ASTREA: Introducing Agentic Intelligence for Orbital Thermal Autonomy

Mousist
This paper presents ASTREA, the first agentic system executed on flight-heritage hardware (TRL 9) for autonomous spacecraft operations, with on-orbit operation aboard the International Space Station (ISS). Using thermal control as a representative use case, we integrate a resource-constrained Large Language Model (LLM) agent with a reinforcement learning controller in an asynchronous architecture tailored for space-qualified platforms. Ground experiments show that LLM-guided supervision improves thermal stability and reduces violations, confirming the feasibility of combining semantic reasoning with adaptive control under hardware constraints. On-orbit validation aboard the ISS initially faced challenges due to inference latency misaligned with the rapid thermal cycles of Low Earth Orbit (LEO) satellites. Synchronization with the orbit length successfully surpassed the baseline with reduced violations, extended episode durations, and improved CPU utilization. These findings demonstrate the potential for scalable agentic supervision architectures in future autonomous spacecraft.
academic

ASTREA: Introducing Agentic Intelligence for Orbital Thermal Autonomy

Basic Information

  • Paper ID: 2509.13380
  • Title: ASTREA: Introducing Agentic Intelligence for Orbital Thermal Autonomy
  • Author: Alejandro D. Mousist (Thales Alenia Space, Tres Cantos, Spain)
  • Classification: cs.RO cs.AI cs.LG cs.MA cs.SY eess.SY
  • Publication Date: October 11, 2025 (arXiv v2)
  • Paper Link: https://arxiv.org/abs/2509.13380

Abstract

This paper presents ASTREA, the first agentic system executed on flight-grade hardware (TRL 9) for autonomous spacecraft operations, with in-orbit validation conducted on the International Space Station (ISS).
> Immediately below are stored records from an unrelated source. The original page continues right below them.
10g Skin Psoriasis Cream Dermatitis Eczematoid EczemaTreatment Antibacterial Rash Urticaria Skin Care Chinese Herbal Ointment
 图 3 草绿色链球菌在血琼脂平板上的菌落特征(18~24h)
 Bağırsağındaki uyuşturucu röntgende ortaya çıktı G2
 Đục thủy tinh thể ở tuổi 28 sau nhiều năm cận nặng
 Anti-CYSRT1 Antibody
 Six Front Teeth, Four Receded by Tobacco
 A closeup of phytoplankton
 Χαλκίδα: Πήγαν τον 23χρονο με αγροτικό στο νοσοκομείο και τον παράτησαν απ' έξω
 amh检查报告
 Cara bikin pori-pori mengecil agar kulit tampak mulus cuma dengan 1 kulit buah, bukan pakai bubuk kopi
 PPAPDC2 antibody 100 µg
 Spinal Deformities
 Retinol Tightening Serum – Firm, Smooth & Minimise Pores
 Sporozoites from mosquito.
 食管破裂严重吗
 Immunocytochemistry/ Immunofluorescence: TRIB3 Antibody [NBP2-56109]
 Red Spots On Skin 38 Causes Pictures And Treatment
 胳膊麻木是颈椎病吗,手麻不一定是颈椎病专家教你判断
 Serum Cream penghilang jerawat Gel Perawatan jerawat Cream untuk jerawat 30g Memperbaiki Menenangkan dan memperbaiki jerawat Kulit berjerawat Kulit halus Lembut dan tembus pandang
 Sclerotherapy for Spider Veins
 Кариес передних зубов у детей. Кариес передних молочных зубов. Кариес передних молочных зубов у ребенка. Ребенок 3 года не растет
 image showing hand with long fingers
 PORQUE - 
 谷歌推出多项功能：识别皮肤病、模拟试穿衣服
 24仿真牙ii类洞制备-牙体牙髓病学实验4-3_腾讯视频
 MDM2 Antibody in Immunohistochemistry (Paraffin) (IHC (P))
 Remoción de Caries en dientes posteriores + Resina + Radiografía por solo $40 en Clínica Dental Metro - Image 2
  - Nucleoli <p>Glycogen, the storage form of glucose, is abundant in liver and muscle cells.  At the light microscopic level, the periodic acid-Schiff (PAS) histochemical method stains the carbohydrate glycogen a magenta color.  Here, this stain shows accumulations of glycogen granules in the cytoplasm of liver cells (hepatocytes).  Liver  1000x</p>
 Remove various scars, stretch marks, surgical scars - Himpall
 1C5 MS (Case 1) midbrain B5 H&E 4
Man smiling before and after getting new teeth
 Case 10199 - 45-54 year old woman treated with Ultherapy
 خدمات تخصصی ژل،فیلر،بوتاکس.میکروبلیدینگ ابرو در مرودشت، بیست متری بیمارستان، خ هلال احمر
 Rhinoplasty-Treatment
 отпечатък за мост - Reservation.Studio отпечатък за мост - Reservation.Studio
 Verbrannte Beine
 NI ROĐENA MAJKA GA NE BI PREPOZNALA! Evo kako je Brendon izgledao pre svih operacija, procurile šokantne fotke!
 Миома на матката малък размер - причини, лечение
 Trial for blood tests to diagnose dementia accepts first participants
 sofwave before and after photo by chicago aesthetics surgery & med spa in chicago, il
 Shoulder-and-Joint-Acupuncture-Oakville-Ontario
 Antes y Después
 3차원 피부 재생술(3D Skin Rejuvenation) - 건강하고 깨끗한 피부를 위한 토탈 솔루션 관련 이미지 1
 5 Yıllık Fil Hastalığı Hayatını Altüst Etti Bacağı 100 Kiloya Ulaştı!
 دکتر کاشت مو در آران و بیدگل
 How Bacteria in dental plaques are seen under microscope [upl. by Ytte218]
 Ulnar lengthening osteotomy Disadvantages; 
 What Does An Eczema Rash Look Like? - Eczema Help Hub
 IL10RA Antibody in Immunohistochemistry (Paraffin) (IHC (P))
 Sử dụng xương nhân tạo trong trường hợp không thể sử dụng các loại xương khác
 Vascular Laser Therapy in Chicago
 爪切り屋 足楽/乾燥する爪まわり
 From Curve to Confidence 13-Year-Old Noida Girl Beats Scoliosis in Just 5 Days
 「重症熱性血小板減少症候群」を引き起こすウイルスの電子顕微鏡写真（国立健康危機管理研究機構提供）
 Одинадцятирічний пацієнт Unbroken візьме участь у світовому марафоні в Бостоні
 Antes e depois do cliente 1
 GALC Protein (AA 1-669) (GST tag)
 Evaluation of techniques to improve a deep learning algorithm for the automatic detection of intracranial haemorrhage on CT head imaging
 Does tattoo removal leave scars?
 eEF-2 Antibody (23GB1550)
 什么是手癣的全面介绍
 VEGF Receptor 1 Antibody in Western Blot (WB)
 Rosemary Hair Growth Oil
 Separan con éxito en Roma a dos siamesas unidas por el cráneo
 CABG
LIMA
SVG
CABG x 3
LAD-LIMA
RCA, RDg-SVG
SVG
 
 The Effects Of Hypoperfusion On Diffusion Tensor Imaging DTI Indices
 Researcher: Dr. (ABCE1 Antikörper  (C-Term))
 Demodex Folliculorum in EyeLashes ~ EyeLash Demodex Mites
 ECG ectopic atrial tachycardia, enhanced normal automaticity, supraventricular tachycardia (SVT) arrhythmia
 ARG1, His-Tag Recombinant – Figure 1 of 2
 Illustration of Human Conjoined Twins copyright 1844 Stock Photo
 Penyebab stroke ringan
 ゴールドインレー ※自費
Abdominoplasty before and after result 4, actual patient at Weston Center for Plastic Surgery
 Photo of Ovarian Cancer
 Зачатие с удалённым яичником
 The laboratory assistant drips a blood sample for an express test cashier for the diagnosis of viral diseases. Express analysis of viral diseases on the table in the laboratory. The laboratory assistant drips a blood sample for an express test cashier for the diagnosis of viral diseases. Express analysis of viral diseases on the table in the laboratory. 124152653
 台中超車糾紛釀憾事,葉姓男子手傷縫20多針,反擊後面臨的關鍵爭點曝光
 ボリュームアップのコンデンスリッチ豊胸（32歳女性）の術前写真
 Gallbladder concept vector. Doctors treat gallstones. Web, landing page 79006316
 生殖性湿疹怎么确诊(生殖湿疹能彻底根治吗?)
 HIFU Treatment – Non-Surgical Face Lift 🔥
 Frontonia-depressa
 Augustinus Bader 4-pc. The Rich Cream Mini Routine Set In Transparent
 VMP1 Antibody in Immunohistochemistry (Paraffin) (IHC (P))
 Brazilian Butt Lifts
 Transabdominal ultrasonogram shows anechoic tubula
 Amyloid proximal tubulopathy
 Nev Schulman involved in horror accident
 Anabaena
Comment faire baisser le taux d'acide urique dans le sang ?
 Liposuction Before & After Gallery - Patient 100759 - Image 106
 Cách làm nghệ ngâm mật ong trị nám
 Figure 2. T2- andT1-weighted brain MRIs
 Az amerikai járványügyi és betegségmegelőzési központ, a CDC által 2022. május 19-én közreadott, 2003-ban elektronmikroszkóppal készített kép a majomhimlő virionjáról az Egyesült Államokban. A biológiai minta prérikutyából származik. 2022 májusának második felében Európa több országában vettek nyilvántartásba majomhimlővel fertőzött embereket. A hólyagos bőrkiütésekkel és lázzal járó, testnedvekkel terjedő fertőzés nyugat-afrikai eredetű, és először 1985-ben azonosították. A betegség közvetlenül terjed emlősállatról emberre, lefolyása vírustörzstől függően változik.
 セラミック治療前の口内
Using thermal control as a representative use case, the system integrates resource-constrained large language model (LLM) agents with reinforcement learning controllers within an asynchronous architecture customized for space-grade platforms. Ground experiments demonstrate that LLM-guided supervision improves thermal stability and reduces violations, confirming the feasibility of combining semantic reasoning with adaptive control under hardware constraints. In-orbit validation on the ISS initially faced challenges with inference latency mismatched to rapid thermal cycles in low Earth orbit (LEO) satellites. After synchronization with orbital period, the system successfully surpassed baselines, reducing violations, extending operational duration, and improving CPU utilization.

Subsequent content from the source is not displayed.